In today’s CX-focused business landscape, data plays a critical role. Data-driven intelligence is the key to balancing hyper-personalisation with cost efficiency. To achieve these crucial objectives, marketers are depending on more and more data sources, highlights the eighth edition of Salesforce State of Marketing report. The report reveals that in India, the average number of data sources used by marketing organisations shot up from 6 in 2021 to 10 in 2022. This number is expected to go up to 12 in 2023.
Different types of data sources used by marketers
• Transactional data
Data captured whenever a product is sold, can offer precise insights into buying triggers for a customer. For instance, knowledge about a customer’s preferred product categories can be used to create a personalised campaign.
• Known digital identities
The customer’s personal information and digital footprint are used to create a virtual profile. This is then used by marketers to provide a secure and customised user experience and strengthen fraud prevention.
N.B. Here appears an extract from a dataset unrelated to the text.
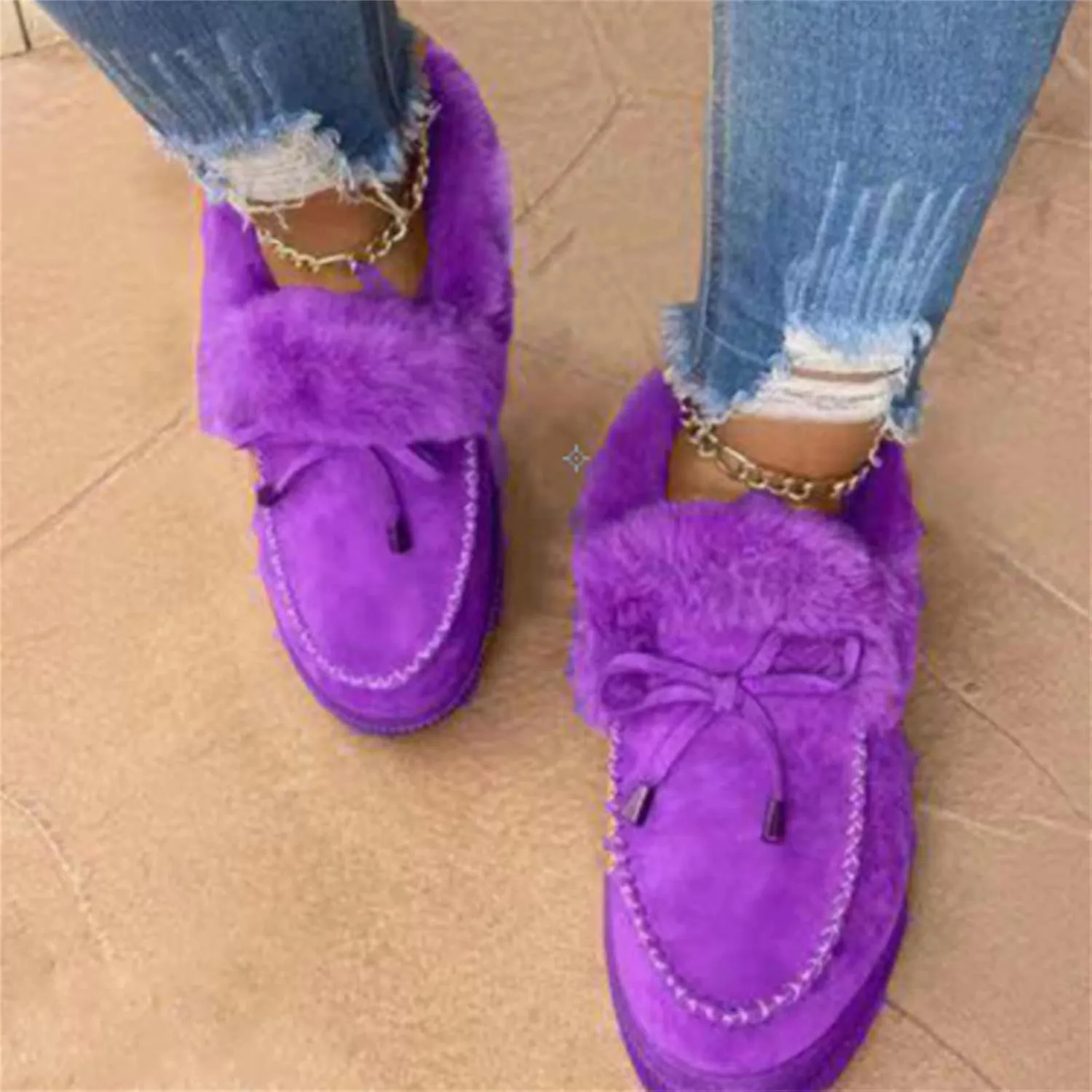 Winter Boots For Women 2024 Fashion Warm Fur Lined Snow Ankle Boots Short Booties Comfortable Slip On Loafers Shoes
• Declared interests/preferences
First-party, customer-shared data about interests in terms of products, services, or topics helps marketers craft relevant communication and campaigns. Such data is especially precious in the fast-emerging ‘cookie-less’ world for marketers to understand and analyse customer preferences.
• Second-party data
Marketers leverage data from partner sites and businesses for an accurate understanding of factors that impact customer behaviour across their journey. In fact, 56% of marketers claim that creating second-party data-sharing contracts is among the top actions taken to prepare for data privacy changes, points out the State of Marketing Report.
• Inferred interest/ preferences
Inferred interest data is not explicitly provided. It goes beyond customers’ expressed interests or shopping behaviour and is based on sharp, comprehensive analysis and processing of personal information. For example, a buyer’s approximate annual income (and consequently buying capacity) can be inferred from their professional designation. Marketers can then use this information to run targeted ads for luxury products to high-income buyers.
• Third-party data
As per the State of Marketing report, 74% of the Indian respondents invest in third-party data. Third-party data is collected by companies that don’t have a direct relationship with consumers, like market research agencies and affiliate campaign publishers. This data can provide marketers with huge volumes of detailed customer profiles, letting them learn significant personal details about potential customers without a single direct interaction.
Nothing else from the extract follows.